A recently discovered painting by Sir Winston Churchill, given to U.S. Gen. George Marshall in 1953, is going on the block.
Sotheby's announced Friday the View of Tenherir is expected to fetch at least £250,000 ($562,000 Cdn). Two paintings by the former British prime minister recently sold for more than £300,000 each ($675,000 Cdn).
Sir Winston Churchill is shown in 1953, the same year he gave an oil painting to U.S. Gen. George Marshall.
(Associated Press)
"There's a special interest in Churchill.
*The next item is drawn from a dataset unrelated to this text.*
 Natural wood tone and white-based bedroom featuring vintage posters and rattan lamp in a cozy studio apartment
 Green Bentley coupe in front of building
The painting is significant because it has missed the radar," Sarah Thomas, a British art expert, told the Independent newspaper.
Created in 1951, the oil was presented to Marshall as a symbol of Anglo-American solidarity. It was held in the family for years, hidden from the world.
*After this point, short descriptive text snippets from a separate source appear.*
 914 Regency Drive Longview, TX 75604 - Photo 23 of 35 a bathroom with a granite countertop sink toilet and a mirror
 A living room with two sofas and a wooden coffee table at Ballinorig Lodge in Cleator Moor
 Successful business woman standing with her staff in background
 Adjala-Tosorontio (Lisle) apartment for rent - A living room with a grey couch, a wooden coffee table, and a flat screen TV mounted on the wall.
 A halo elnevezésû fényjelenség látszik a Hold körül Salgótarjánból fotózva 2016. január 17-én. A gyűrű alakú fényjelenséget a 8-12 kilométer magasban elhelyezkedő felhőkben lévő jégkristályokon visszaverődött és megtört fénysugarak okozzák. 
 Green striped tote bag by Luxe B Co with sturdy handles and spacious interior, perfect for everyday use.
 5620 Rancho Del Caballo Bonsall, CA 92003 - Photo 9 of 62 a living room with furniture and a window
"It's quite a rare event for something like this to just pop up out of the blue," said Thomas, of Sotheby's.
When Kitty Winn, Marshall's granddaughter, decided to sell it, the painting's provenance came to light.
"When I first saw the painting when I was a child, I don't think I knew the significance of it, but I knew it was given a place of honour in my grandparents' drawing room," she told the newspaper.
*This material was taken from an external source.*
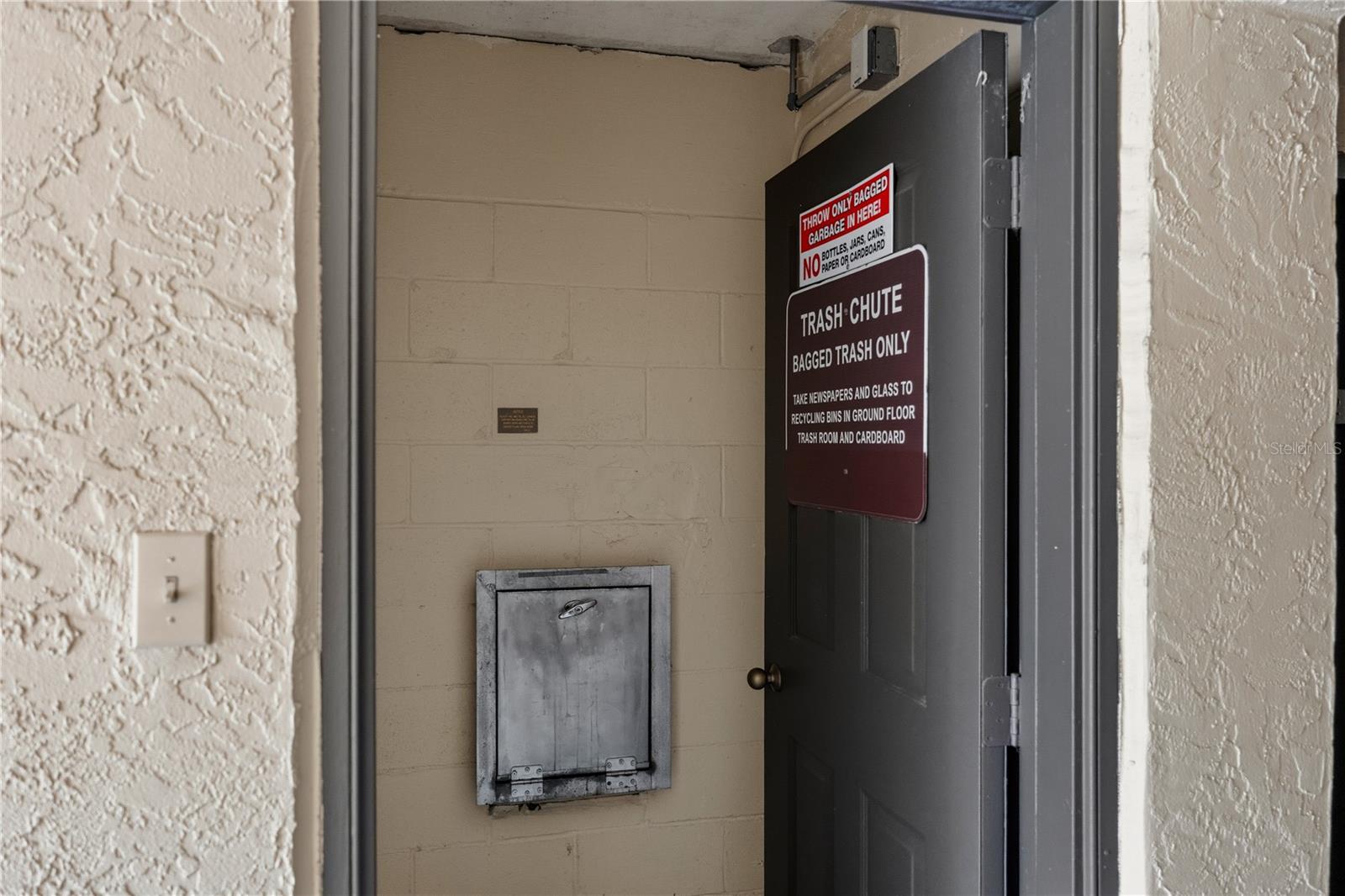 Convenient Trash Shoot, Just Outside Storage Unit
Winn said she had grown to respect the work after finding out its history.
View of Tenherir, a town in the desert near the Atlas mountains, was completed in 1951 in Marrakech, Morocco, where Churchill often visited to write his memoirs and to paint.
Thomas said Churchill saw painting as a hobby and would do it while contemplating speeches or decisions.
"A lot of his paintings are pretty poor and amateur," said Thomas. "But over the years, he learnt quite a lot."
'The last great American'
Churchill first met Marshall, the U.S. army chief of staff during the Second World War, in 1943 and had called him "the last great American." Churchill promised to pay tribute to him one day.
In 1953, Churchill presented the painting to Marshall, who had just won the Nobel Peace Prize for his economic relief strategy for post-war Europe — known as the Marshall Plan — and was invited to Queen Elizabeth's coronation in London.
Marshall's wife, Katherine, wrote to Churchill to tell him that it was "a gala day" when they hung the painting.
"It has added so much to the beauty of our drawing room and has the place of honour," she wrote.
View of Tenherir will be auctioned in London on Dec. 11.